Kepala Kantor Perwakilan (KPW) Bank Indonesia (BI) Cirebon Hestu Wibowo mengatakan pada saat ini seluruh dunia mengalami resesi ekonomi, satu hal yang dikhawatirkan semua negara yakni Inflasi atau kenaikan harga.
“Di tahun 2022 saja, inflasi Indonesia mampu bertahan di angka 5,5 persen, dan angka tersebut rendah, dibanding dengan negara-negara maju di Eropa yang inflasinya sampai di angka 9 persen,” kata Hestu.
Penyebab terjadinya Inflasi meningkat ini, kata Hestu, karena permintaan kebutuhan masyarakat dibagian pangan sangat tinggi.
“Inflasi tinggi, karena permintaan pangan menambah, seperti cabe beras dan bawang, kebutuhan pokok ini menyumbang inflasi tertinggi,” kata Hestu.
Tingginya inflasi ini, terlebih di Bulan Ramadan berdampak sekali kepada masyarakat yang ekonomi membawah, karena kebutuhan pokok yang harganya meninggi.
“Sedangkan masyarakat menengah kebawah, dari 100 persen pendapatannya dalam sebulan, 60 persennya digunakan untuk membeli kebutuhan pangan,” katanya.
Berbeda dengan kelas ekonomi menengah ke atas, kebutuhan pangan mereka hanya 20 persen dari pendapatan selama sebulan, itulah mengapa dampak inflasi akan lebih dirasakan oleh masyarakat menengah kebawah.
“Menengan ke atas, kebutuhan pangan mereka tidak lebih dari 20 persen, sehingga dampak inflasi sangat terasa oleh menengah kebawa, karena sumbangan konsumsi bahan pangan strategis yang tinggi.

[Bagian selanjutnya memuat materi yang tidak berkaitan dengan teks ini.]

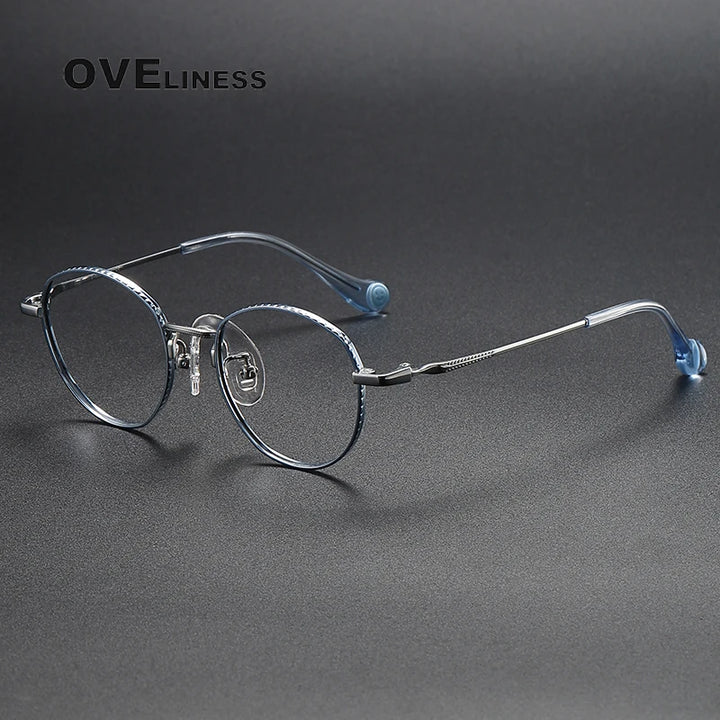 Oveliness Unisex Full Rim Round Titanium Eyeglasses 80950 Full Rim Oveliness blue silver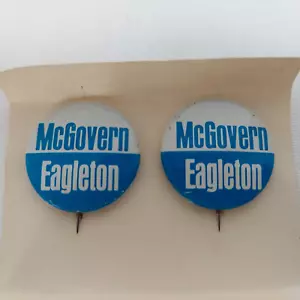 1.25" Geo McGovern Eagleton 1972 President Political Campaign Pin Button Set/2 - Picture 1 of 4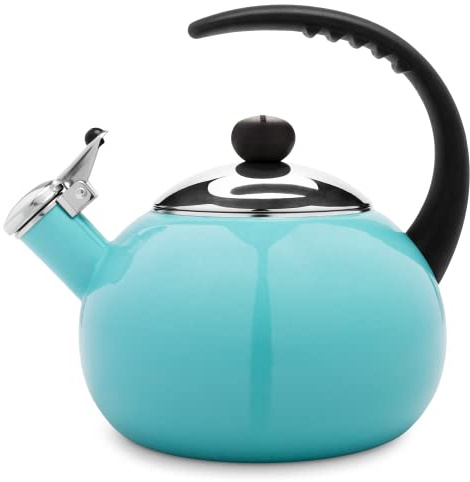 Farberware Luna Water Kettle, Whistling Tea Pot, Works For All Stovetops, Porcelain Enamel on Carbon Steel, BPA-Free, Rust-Proof, Stay Cool Handle, 2.5qt (10 Cups) Capacity (Aqua)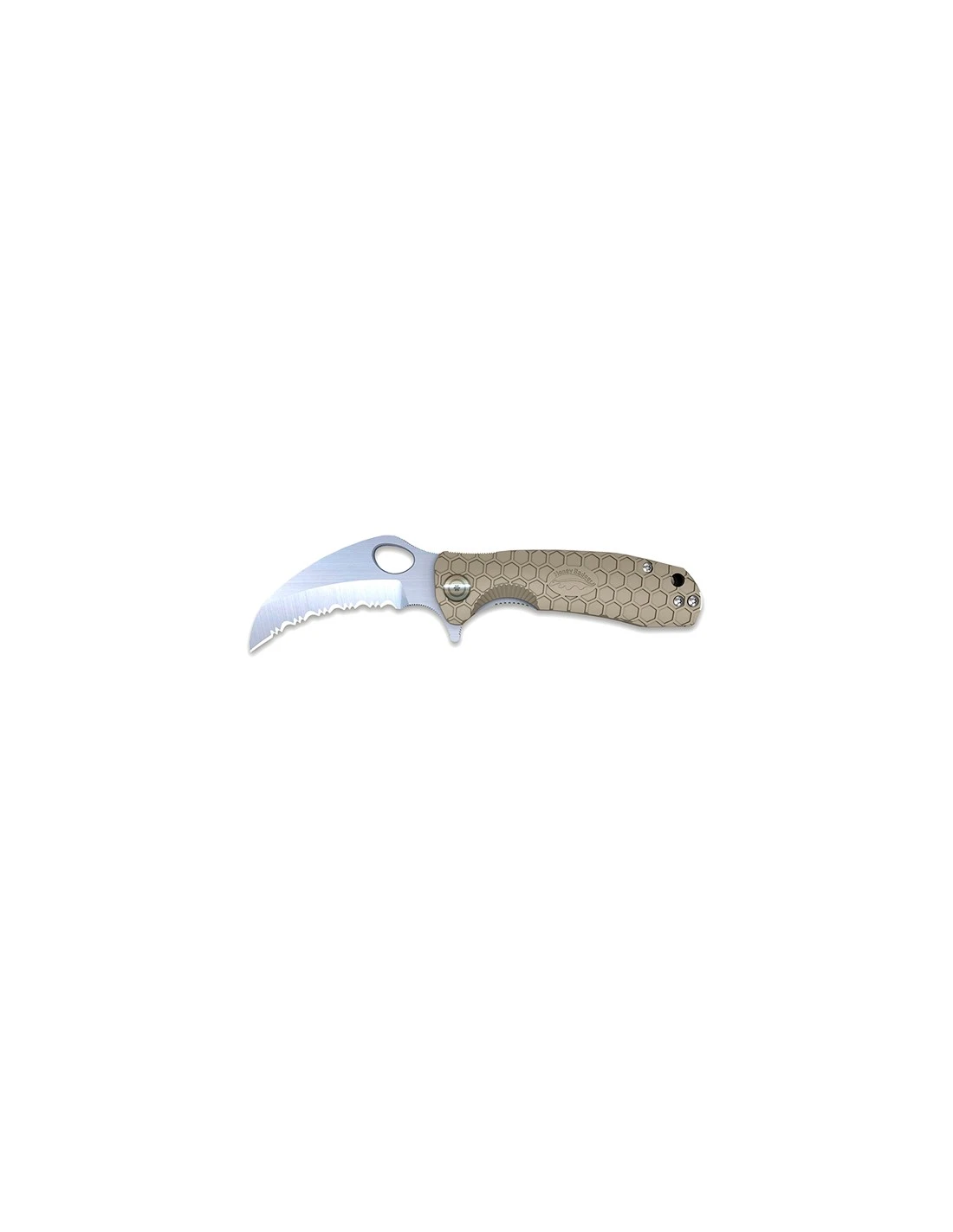 Karambit Honey Badger Claw Large Tan Serrated 1 Karambit Honey Badger Claw Large Tan Serrated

Menengah keatas tidak terlalu terdampak. Maka, inflasi bukan cuma soal ekonomi, tapi juga persoalan sosial,” jelas Hestu.

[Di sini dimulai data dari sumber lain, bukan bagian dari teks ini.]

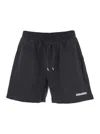 Dsquared2 Black Bermuda With Elastic Waist And Drawstring And Logo On The Front In Cotton Man In Black
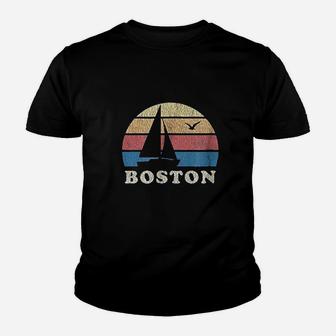 Boston Ma Vintage Sailboat 70S Throwback Sunset Youth T-shirt | Crazezy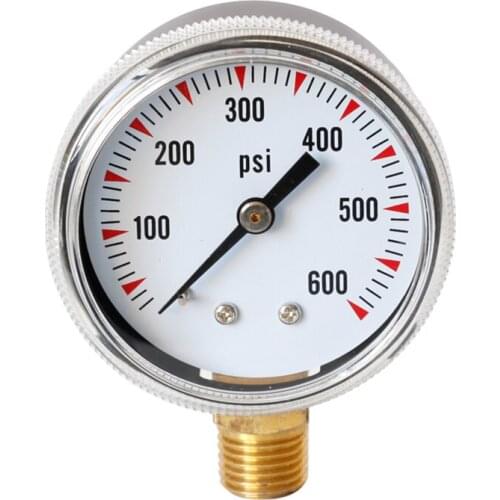 1/4" NPT 0-600 PSI 2" Brass Pressure Gauge Easy Read Meter with Bottom Connection Pressure Measuring Instruments Replacement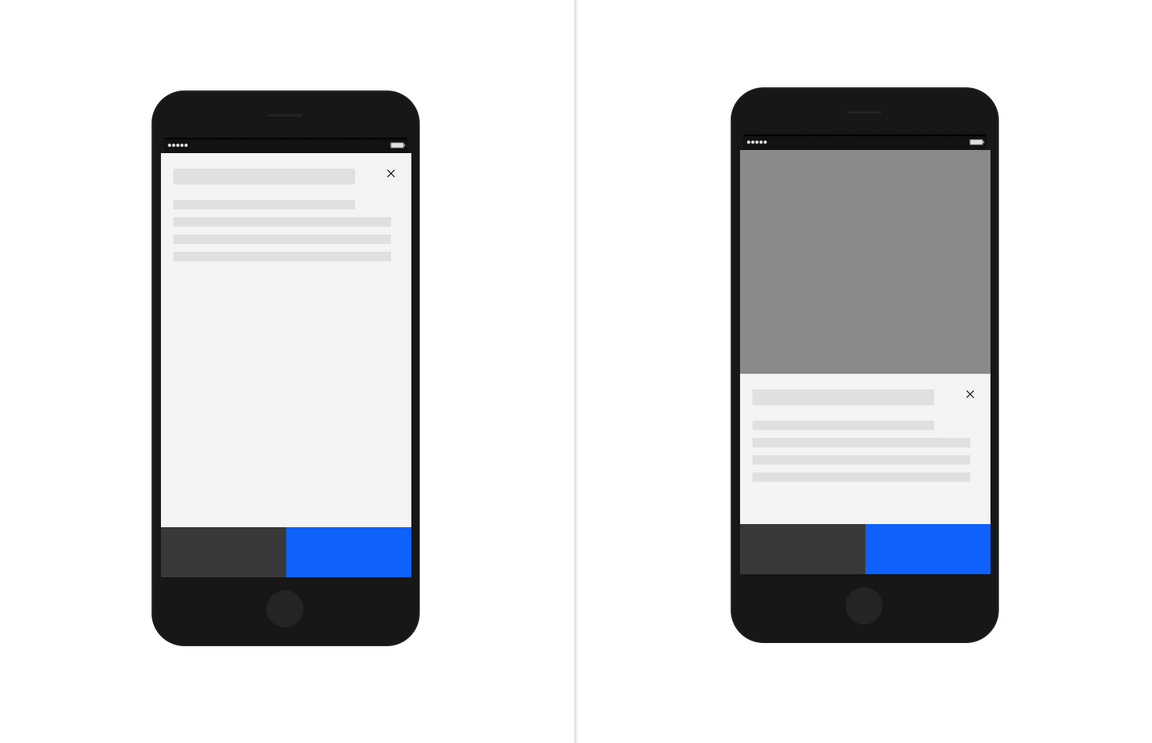 Modal sizes Modal sizes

Untuk itu, di depan para ulama, Hestu meminta peran ulama dalam menekan angka inflasi selama bulan ramadan dan menyampaikan pesan-pesan agar bisa mengontrol angka konsumsi kepada masyarakat.
“Kami mohon bantuan, untuk memberikan pemahaman kepada masyarakat, agar bisa menyikapi inflasi dengan bijak, berbelanja dengan bijak, terlebih bulan Ramadhan ini,” kata Hestu.
Sementara itu, Anggota Komisi XI DPR-RI Fraksi NasDem, Satori menyampaikan bahwa saat ini, inflasi menjadi ancaman ekonomi, yang terjadi bukan hanya di Indonesia.
“Inflasi sedang terjadi, bukan hanya di Indonesia, tetapi seluruh dunia,” ungkap H Satori.
Salah satu dampaknya, sampai pada menurunnya angka konsumsi masyarakat, karena harga sejumlah komoditas yang melonjak, terlebih di bulan Ramadan.
Maka dari itu, kata Satori, terlebih di bulan Ramadan ini, masyarakat, termasuk para tokoh unsur pesantren di Cirebon, harus bisa menyesuaikan diri, dan menerapkan pola perilaku konsumtif yang sederhana, sehingga bisa mengontrolnya.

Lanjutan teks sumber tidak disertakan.